──────── GIVEN ENTRIES ────────

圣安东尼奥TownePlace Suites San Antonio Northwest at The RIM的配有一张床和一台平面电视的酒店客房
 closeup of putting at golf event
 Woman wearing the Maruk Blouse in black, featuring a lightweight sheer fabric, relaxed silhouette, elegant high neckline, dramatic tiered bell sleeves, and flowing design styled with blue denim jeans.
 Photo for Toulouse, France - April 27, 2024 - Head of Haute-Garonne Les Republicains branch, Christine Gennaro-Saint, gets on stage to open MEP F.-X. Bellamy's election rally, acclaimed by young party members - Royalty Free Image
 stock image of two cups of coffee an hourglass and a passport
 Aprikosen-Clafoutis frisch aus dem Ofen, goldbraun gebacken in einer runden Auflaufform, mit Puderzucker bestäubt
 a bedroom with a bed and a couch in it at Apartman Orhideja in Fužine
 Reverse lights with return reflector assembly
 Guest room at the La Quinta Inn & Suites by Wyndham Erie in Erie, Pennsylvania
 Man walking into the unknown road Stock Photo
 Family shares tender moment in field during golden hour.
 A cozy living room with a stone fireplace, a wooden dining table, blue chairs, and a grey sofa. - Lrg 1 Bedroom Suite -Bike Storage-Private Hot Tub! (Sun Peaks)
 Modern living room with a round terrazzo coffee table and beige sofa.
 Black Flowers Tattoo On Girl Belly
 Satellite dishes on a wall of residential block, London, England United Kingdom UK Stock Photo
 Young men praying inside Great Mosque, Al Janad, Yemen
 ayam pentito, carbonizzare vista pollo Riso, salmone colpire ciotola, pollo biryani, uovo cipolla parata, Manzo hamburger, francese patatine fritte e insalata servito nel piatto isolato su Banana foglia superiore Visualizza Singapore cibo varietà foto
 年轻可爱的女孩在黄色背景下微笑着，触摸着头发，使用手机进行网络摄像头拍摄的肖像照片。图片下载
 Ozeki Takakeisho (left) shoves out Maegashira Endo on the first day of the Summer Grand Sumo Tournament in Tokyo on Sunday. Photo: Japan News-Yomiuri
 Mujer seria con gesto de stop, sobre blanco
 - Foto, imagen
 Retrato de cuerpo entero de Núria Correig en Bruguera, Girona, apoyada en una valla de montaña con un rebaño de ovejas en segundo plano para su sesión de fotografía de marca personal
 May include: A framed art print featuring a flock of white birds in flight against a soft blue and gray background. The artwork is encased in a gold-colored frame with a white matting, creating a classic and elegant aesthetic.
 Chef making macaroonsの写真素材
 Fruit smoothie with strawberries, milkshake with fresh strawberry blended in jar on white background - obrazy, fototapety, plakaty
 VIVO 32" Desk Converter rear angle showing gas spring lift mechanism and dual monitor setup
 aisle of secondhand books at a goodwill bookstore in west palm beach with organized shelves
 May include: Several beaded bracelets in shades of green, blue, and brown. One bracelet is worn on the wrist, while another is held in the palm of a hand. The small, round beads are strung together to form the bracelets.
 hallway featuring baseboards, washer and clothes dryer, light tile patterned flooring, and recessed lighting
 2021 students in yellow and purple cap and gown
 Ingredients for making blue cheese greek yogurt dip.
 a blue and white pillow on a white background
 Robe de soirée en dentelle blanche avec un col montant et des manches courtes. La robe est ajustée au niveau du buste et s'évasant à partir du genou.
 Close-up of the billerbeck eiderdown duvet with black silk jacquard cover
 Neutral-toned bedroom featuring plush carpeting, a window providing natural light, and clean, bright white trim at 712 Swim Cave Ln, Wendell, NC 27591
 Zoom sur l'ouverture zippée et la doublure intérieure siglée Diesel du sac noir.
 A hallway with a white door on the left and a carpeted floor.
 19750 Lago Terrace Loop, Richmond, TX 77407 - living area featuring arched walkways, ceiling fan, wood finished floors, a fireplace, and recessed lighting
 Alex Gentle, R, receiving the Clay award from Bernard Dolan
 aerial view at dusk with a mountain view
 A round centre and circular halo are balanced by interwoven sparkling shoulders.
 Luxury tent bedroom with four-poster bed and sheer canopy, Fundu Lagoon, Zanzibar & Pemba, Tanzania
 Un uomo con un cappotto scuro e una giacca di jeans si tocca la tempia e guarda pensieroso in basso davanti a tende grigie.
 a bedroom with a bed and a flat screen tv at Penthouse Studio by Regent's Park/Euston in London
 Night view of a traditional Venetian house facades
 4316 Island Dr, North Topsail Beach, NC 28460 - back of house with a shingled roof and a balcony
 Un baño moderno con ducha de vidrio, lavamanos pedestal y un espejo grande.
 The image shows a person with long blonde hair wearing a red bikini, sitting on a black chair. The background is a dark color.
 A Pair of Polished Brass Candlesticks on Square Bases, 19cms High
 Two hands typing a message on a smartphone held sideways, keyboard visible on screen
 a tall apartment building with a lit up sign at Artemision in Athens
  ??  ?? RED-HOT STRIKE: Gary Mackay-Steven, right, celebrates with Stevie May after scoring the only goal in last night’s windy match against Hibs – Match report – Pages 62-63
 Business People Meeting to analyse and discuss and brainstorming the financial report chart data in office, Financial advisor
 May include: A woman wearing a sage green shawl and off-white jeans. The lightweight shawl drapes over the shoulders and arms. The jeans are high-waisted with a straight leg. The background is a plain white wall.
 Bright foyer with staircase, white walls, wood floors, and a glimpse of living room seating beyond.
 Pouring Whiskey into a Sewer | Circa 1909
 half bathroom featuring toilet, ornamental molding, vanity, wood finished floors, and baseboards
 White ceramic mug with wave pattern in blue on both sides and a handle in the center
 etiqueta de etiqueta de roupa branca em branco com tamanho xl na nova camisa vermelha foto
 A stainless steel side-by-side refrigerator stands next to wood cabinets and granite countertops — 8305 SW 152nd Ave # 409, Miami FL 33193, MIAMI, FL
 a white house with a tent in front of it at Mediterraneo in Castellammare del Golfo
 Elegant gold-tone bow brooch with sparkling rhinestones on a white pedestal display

────────

▶ _WHAT YOU HAVE TO DO_: Whenever a line of the data holds the string "screen", pick that line out.

▶ _RESPONSE FOR THIS EXERCISE_:
 a bedroom with a bed and a flat screen tv at Penthouse Studio by Regent's Park/Euston in London
 Two hands typing a message on a smartphone held sideways, keyboard visible on screen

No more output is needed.